TASK DATA: Begin
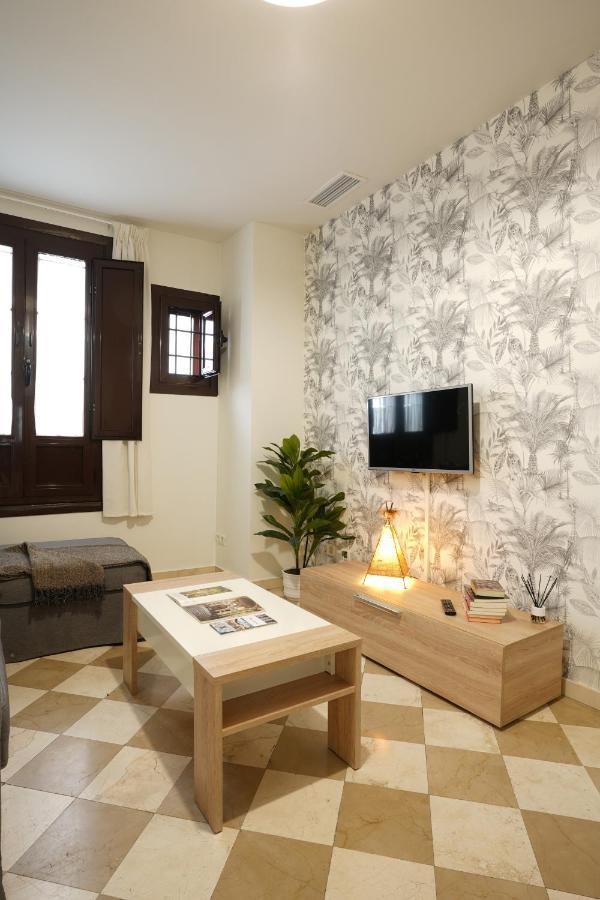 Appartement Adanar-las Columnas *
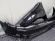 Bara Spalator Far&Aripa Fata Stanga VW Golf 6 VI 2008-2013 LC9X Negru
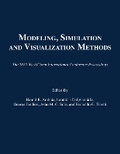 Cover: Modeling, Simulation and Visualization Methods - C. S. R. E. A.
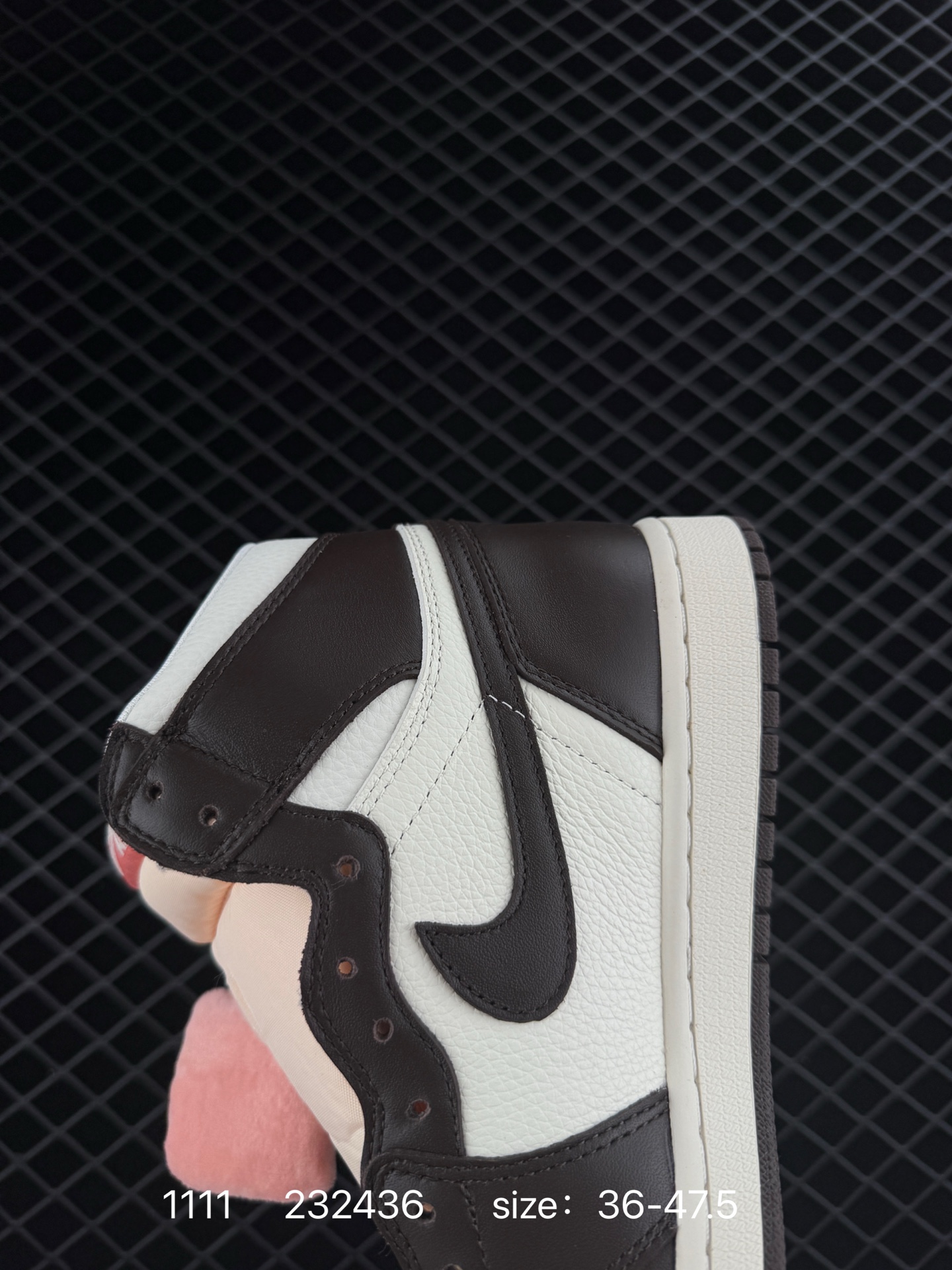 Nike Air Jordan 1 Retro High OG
TASK DATA: End
TASK DATA: Begin
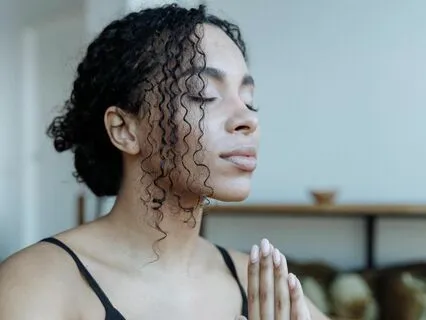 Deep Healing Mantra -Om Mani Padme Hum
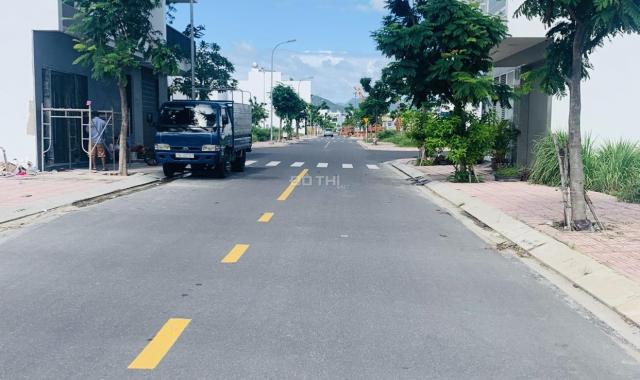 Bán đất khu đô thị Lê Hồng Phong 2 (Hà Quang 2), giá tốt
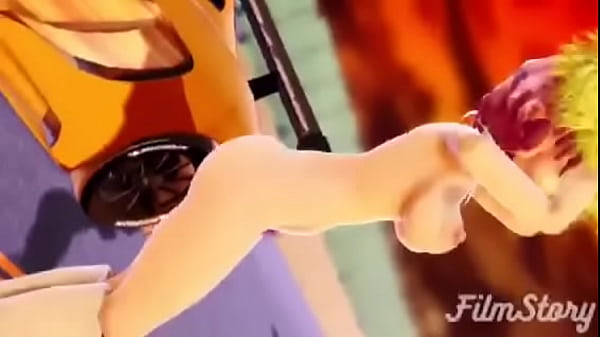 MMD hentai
TASK DATA: End
◆ TRY IT ◆
Start with the line above containing "Appartement Adanar-las Columnas *" and end with the line containing "Nike Air Jordan 1 Retro High OG". Set down that stretch exactly, without any pictures.

◆ FINISHED TASK ◆
 Appartement Adanar-las Columnas *
 Bara Spalator Far&Aripa Fata Stanga VW Golf 6 VI 2008-2013 LC9X Negru
 Cover: Modeling, Simulation and Visualization Methods - C. S. R. E. A.
 Nike Air Jordan 1 Retro High OG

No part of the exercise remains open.